From the data that follows, set down exactly the lines from the one with "navy blue solid" through the one with "Scotch & Soda", counting both. Pictures stay out.

▶

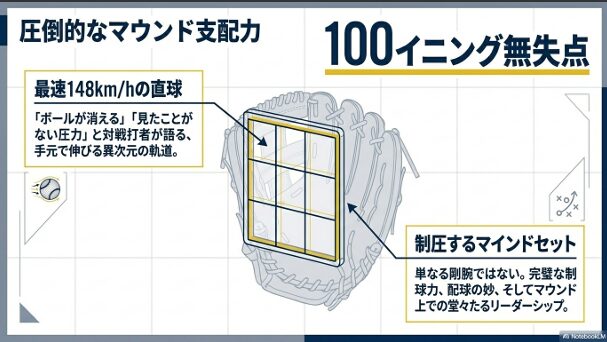 100イニング無失点の圧倒的なマウンド支配力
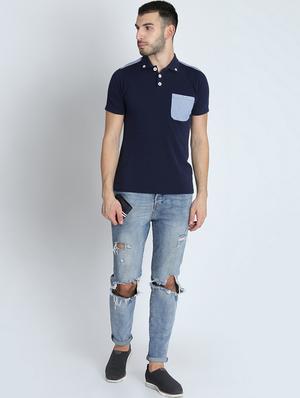 navy blue solid pocket t-shirt - 16700881 - Standard Image - 4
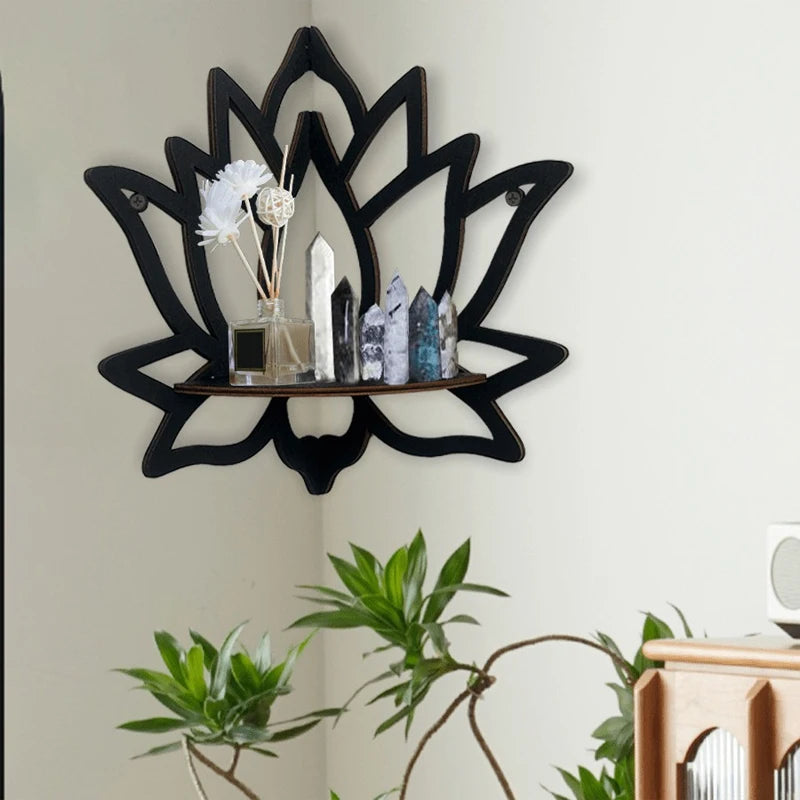 Modern Handmade Unique Creative Bohemia Black Solid Wood Hollow Out Floral Lotus Flower Design Wall Mounted Corner Shelves-Ledges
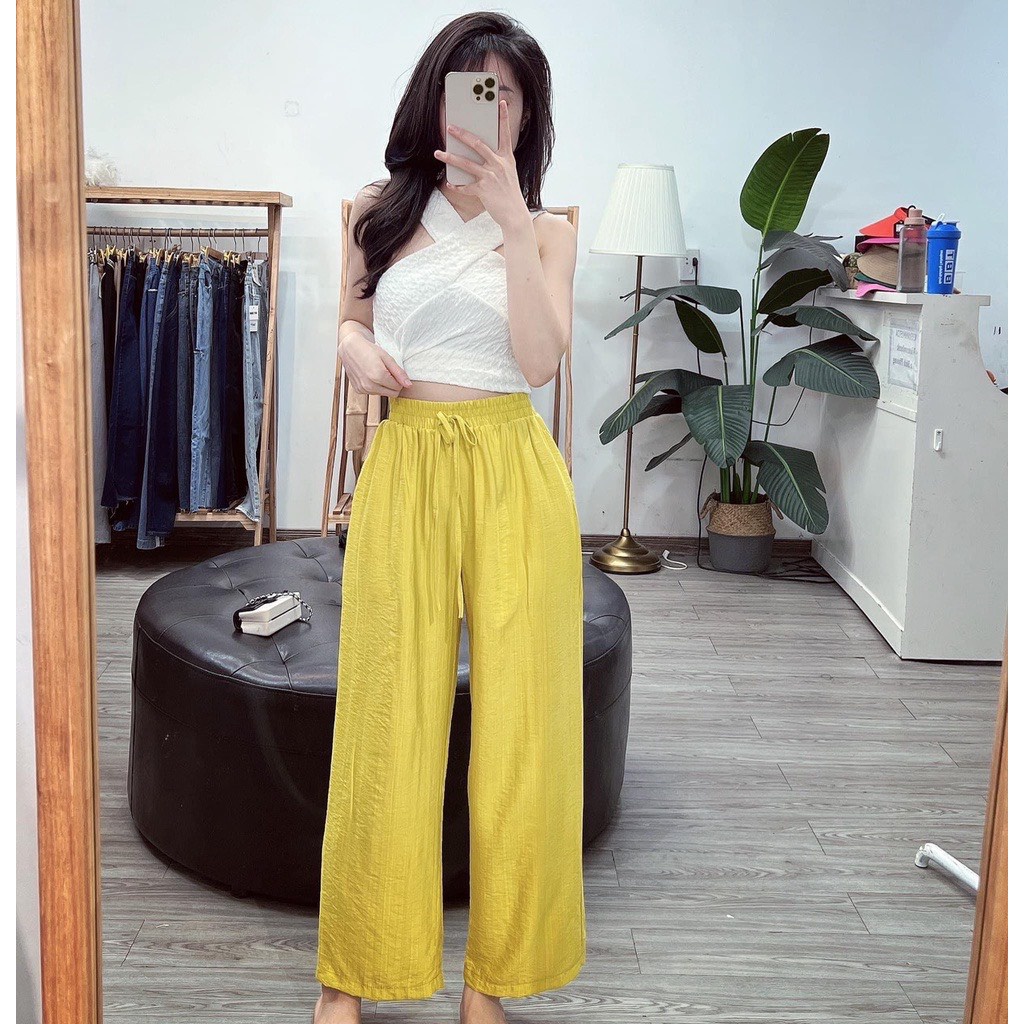 Quần dài nữ ống rộng chất đũi tơ mềm mát cạp chun co giãn - PANOSI - Q115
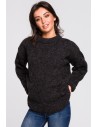 Sweter ze splotem typu warkocz - antracytowy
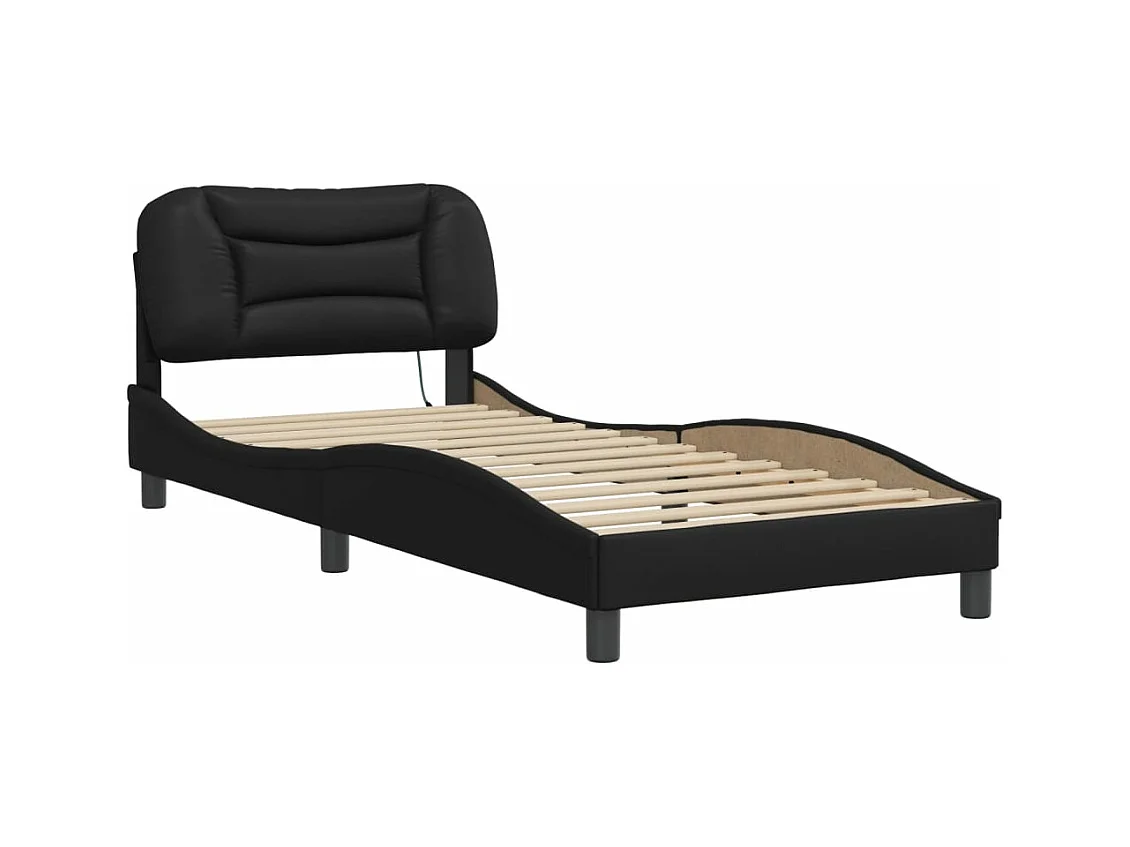 Lit simple avec lumières LED noir 80x200 cm similicuir FR95931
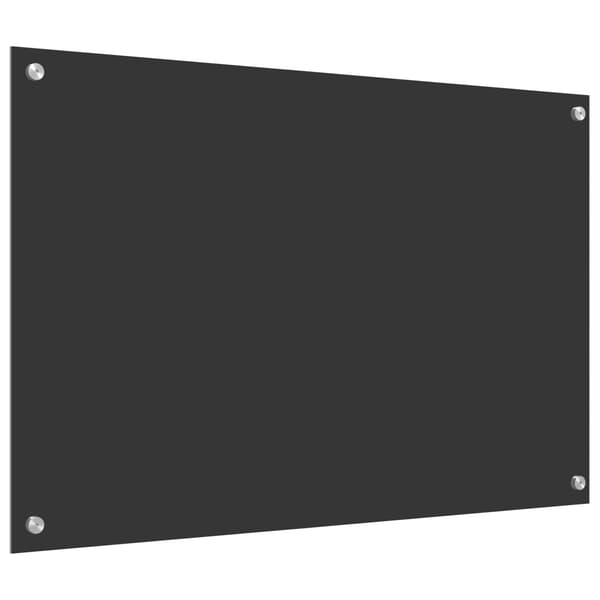 vidaXL Köksskydd Mörkgrå 90 x 60 cm härdat glas
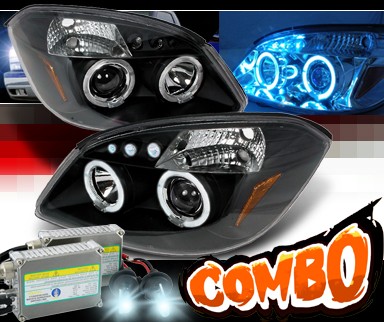 HID Xenon + SPEC-D® Halo LED Projector Headlights (Black) - 05-10 Chevy Cobalt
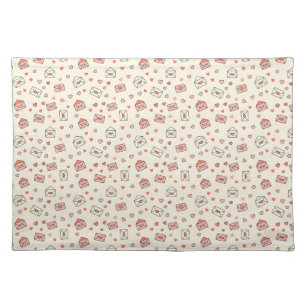 Cute Envelopes & Hearts Seamless Cloth Placemat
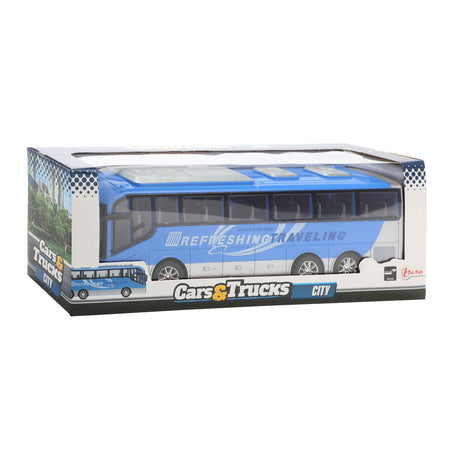 Coches camiones vehicool viaje autobús fricción azul - 32cm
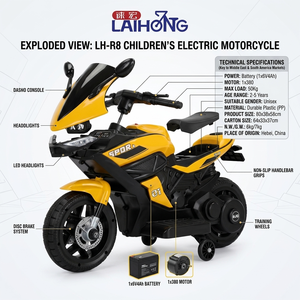 Nouveau modèle, petite taille, prix bas, moto pour enfants, vélo électrique pour enfants, 2 à 4 ans, unisexe, en plastique PP, alimenté par batterie - Product Image 6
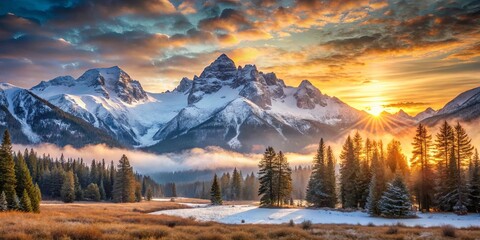 Poster - A wintery sunrise bathes a snow-capped mountain range in a golden glow, while a forest of evergreens stands silhouetted against the vibrant sky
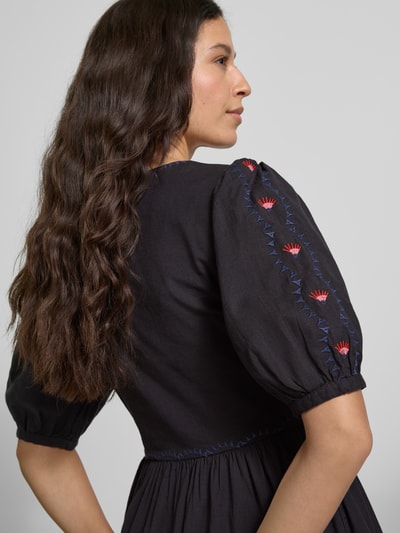 Scotch & Soda Midikleid aus Baumwoll-Leinen-Mix mit V-Ausschnitt Dunkelblau 3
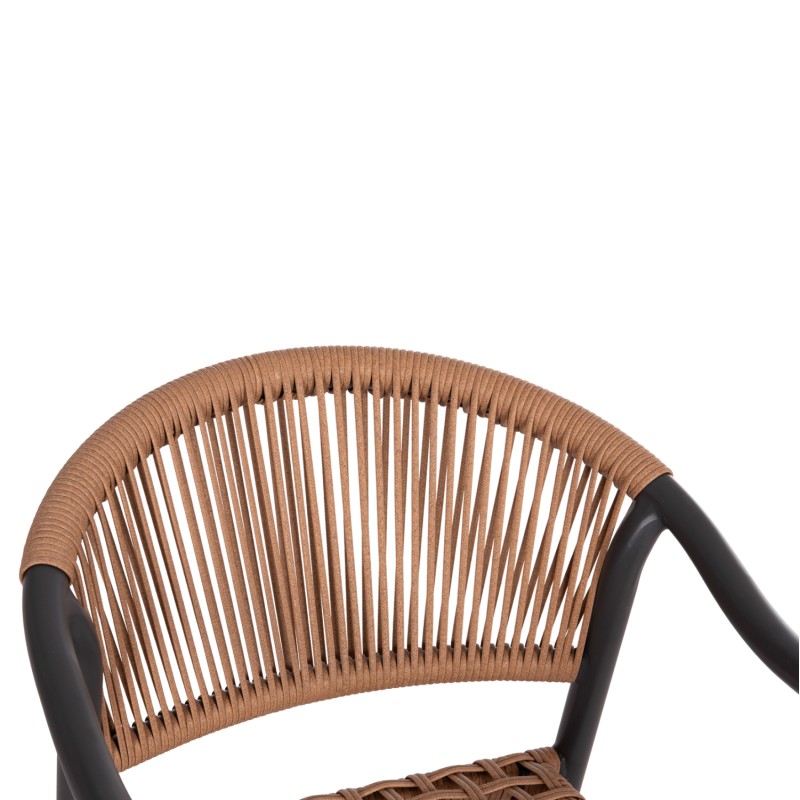 DINING ARMCHAIR KERLY FK6050.10 ALUMINUM IN DARK GREY--P.E.RATTAN IN BEIGE COLOR 54x58.5x76Hcm DINING ARMCHAIR KERLY FK6050.10 ALUMINUM IN DARK GREY--P.E.RATTAN IN BEIGE COLOR 54x58.5x76Hcm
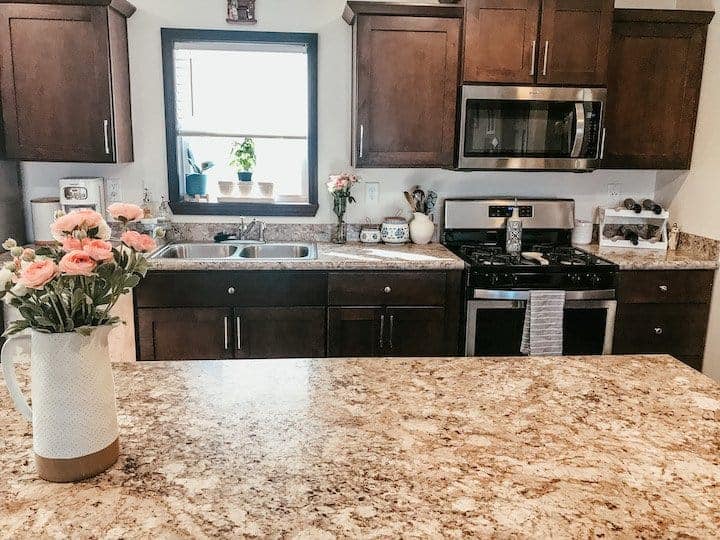 clean kitchen view from counter top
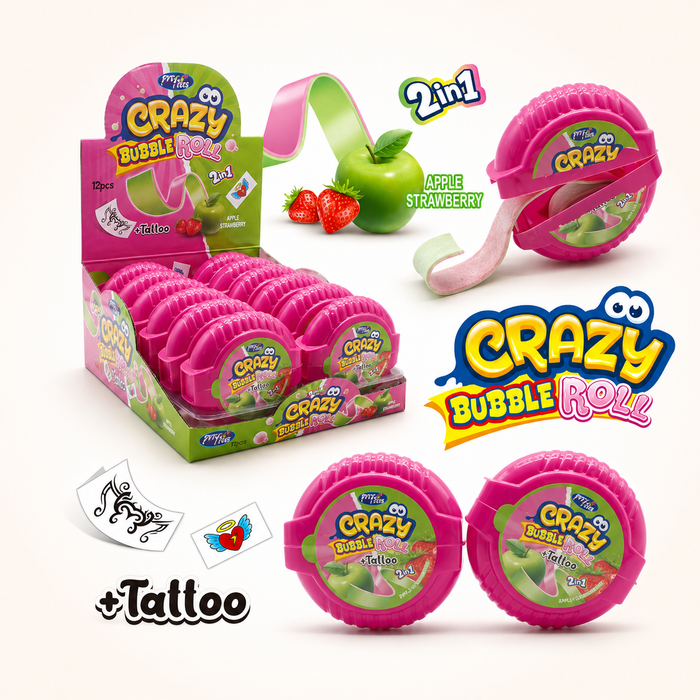 Guma Crazy roll apple/strawberry 12 vnt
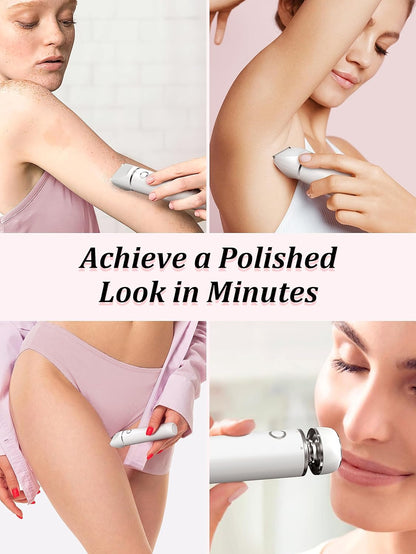 Bikini Trimmer and Shaver Kit - 2-in-1 Wet/Dry Electric Body Hair Trimmer Facial Hair Removal Cordless Waterproof (White)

◀

▸ Solution to this exercise
 navy blue solid pocket t-shirt - 16700881 - Standard Image - 4
 Modern Handmade Unique Creative Bohemia Black Solid Wood Hollow Out Floral Lotus Flower Design Wall Mounted Corner Shelves-Ledges
 Quần dài nữ ống rộng chất đũi tơ mềm mát cạp chun co giãn - PANOSI - Q115
 Sweter ze splotem typu warkocz - antracytowy
 Lit simple avec lumières LED noir 80x200 cm similicuir FR95931
 vidaXL Köksskydd Mörkgrå 90 x 60 cm härdat glas
 HID Xenon + SPEC-D® Halo LED Projector Headlights (Black) - 05-10 Chevy Cobalt
 Cute Envelopes & Hearts Seamless Cloth Placemat
 Coches camiones vehicool viaje autobús fricción azul - 32cm
 Nouveau modèle, petite taille, prix bas, moto pour enfants, vélo électrique pour enfants, 2 à 4 ans, unisexe, en plastique PP, alimenté par batterie - Product Image 6
 Poster - A wintery sunrise bathes a snow-capped mountain range in a golden glow, while a forest of evergreens stands silhouetted against the vibrant sky
 Scotch & Soda Midikleid aus Baumwoll-Leinen-Mix mit V-Ausschnitt Dunkelblau 3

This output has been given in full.